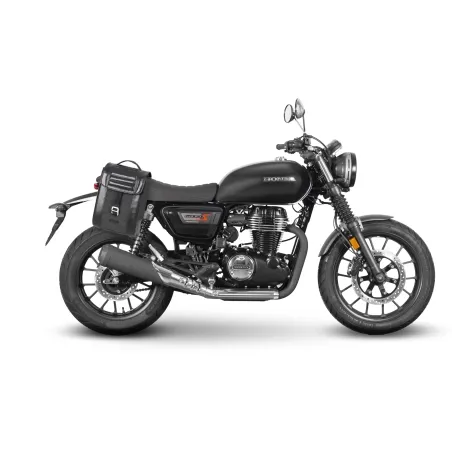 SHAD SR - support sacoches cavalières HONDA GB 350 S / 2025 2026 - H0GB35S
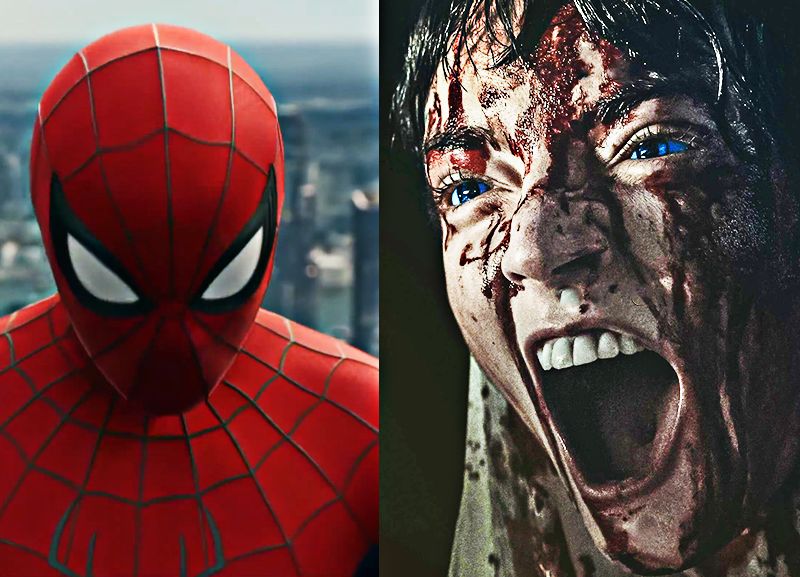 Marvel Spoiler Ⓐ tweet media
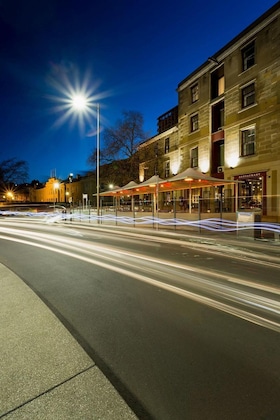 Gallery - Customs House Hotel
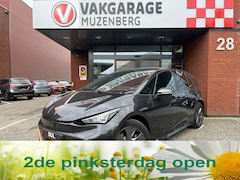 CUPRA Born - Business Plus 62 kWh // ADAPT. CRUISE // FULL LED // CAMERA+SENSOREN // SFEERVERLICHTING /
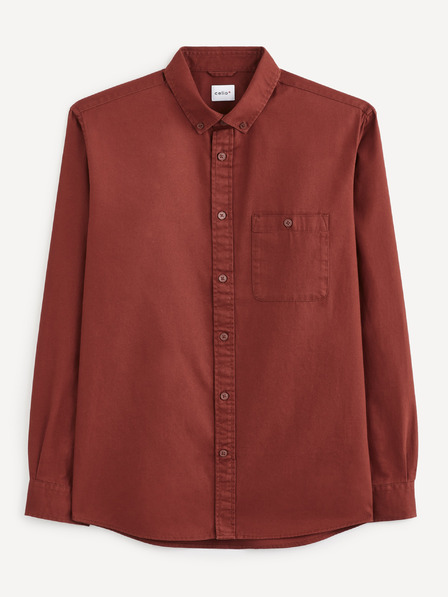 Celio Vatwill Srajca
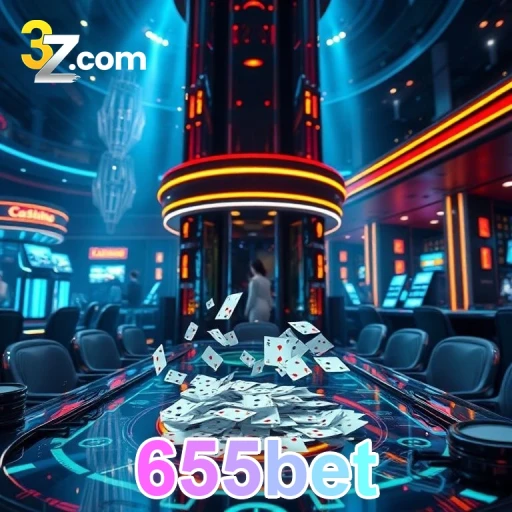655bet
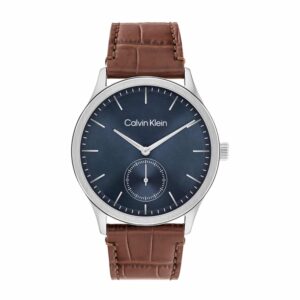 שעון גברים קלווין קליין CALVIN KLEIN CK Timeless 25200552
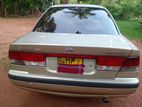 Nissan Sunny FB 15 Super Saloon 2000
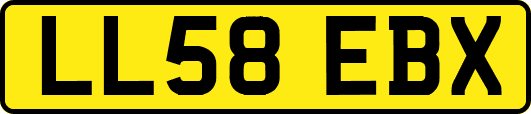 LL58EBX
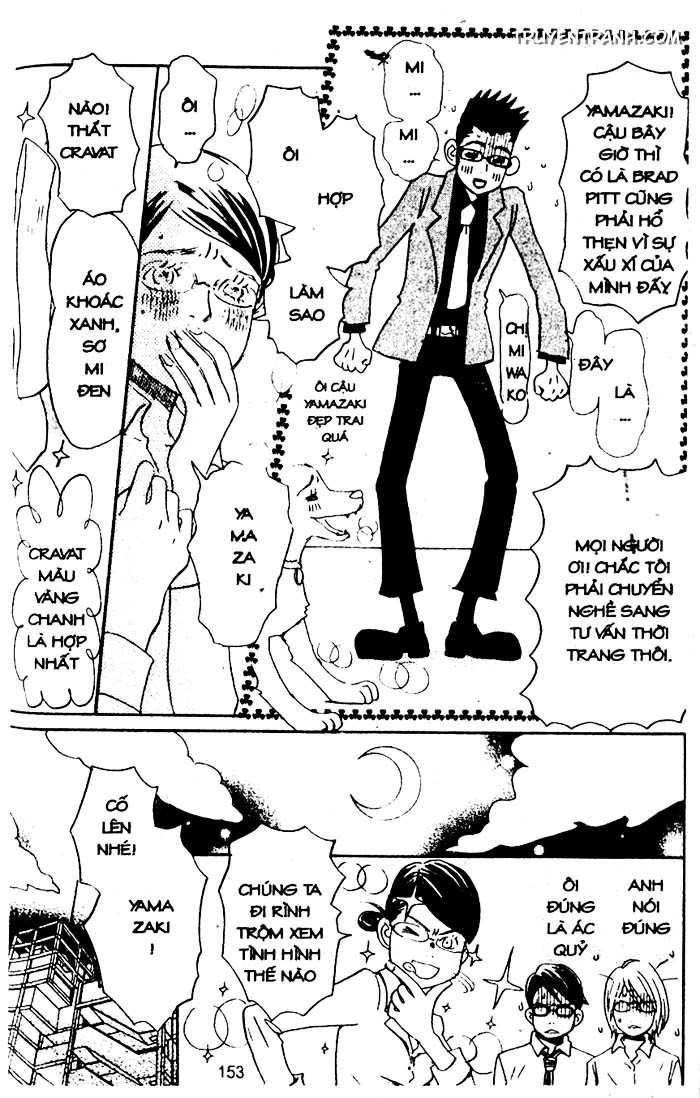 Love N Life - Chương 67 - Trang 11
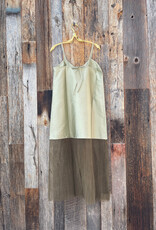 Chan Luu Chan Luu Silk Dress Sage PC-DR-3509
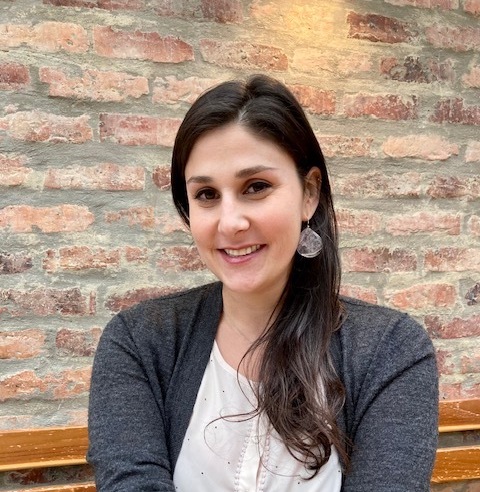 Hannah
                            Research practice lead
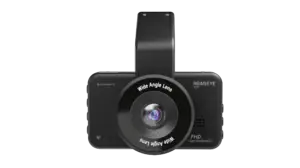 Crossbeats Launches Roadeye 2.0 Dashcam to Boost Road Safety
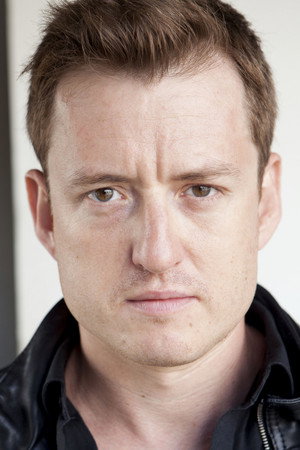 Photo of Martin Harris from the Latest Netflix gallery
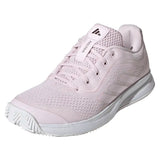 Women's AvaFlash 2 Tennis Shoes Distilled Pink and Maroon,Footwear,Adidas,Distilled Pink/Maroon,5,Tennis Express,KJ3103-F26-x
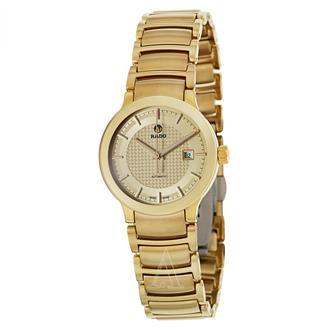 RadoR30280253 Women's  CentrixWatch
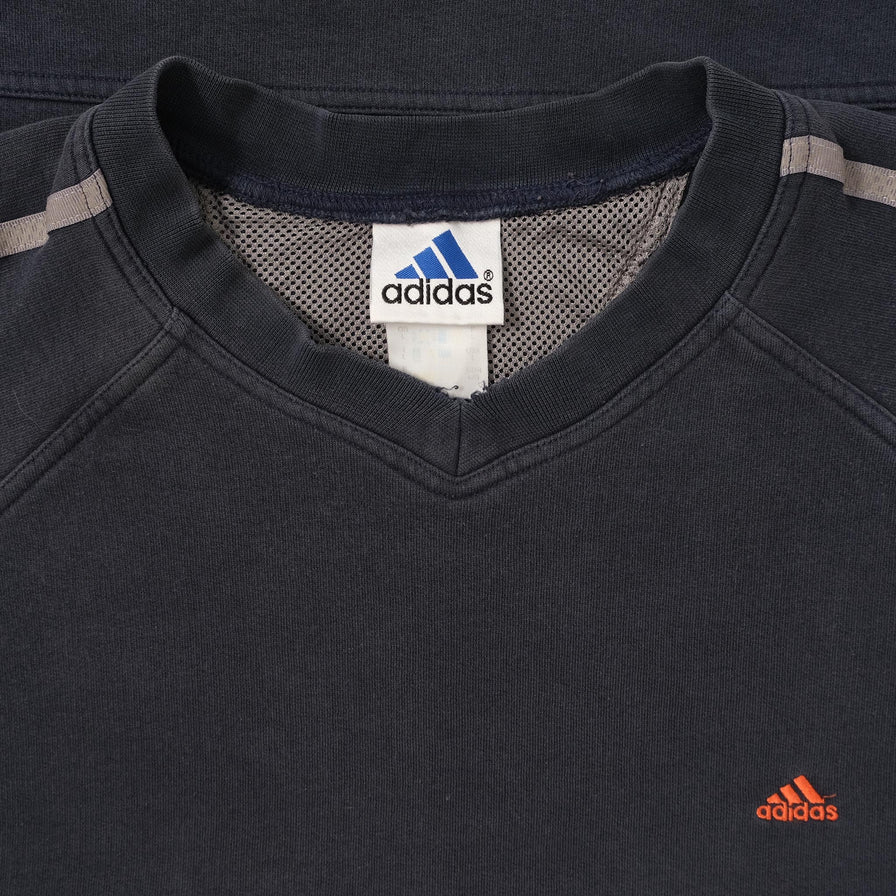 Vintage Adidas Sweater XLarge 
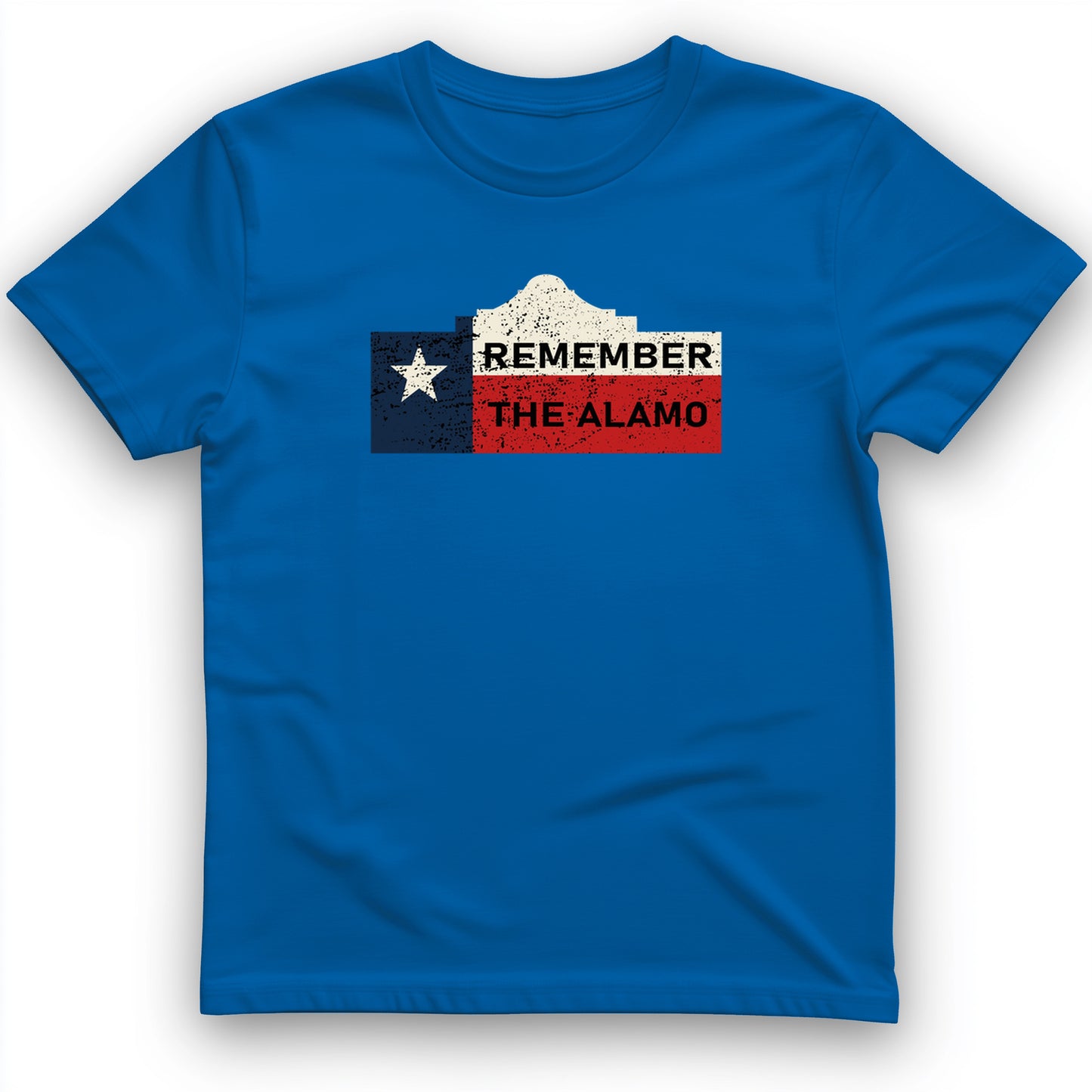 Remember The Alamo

□ □ □ □

*Try it*
Please reproduce the entries above line by line, exactly, leaving out each image.

*Expected answer*
 SHAD SR - support sacoches cavalières HONDA GB 350 S / 2025 2026 - H0GB35S
 Marvel Spoiler Ⓐ tweet media
 Gallery - Customs House Hotel
 CUPRA Born - Business Plus 62 kWh // ADAPT. CRUISE // FULL LED // CAMERA+SENSOREN // SFEERVERLICHTING /
 Celio Vatwill Srajca
655bet
 שעון גברים קלווין קליין CALVIN KLEIN CK Timeless 25200552
 Nissan Sunny FB 15 Super Saloon 2000
 LL58EBX
 Love N Life - Chương 67 - Trang 11
 Chan Luu Chan Luu Silk Dress Sage PC-DR-3509
 Hannah
                            Research practice lead
 Crossbeats Launches Roadeye 2.0 Dashcam to Boost Road Safety
 Photo of Martin Harris from the Latest Netflix gallery
 Women's AvaFlash 2 Tennis Shoes Distilled Pink and Maroon,Footwear,Adidas,Distilled Pink/Maroon,5,Tennis Express,KJ3103-F26-x
 RadoR30280253 Women's  CentrixWatch
 Vintage Adidas Sweater XLarge 
 Remember The Alamo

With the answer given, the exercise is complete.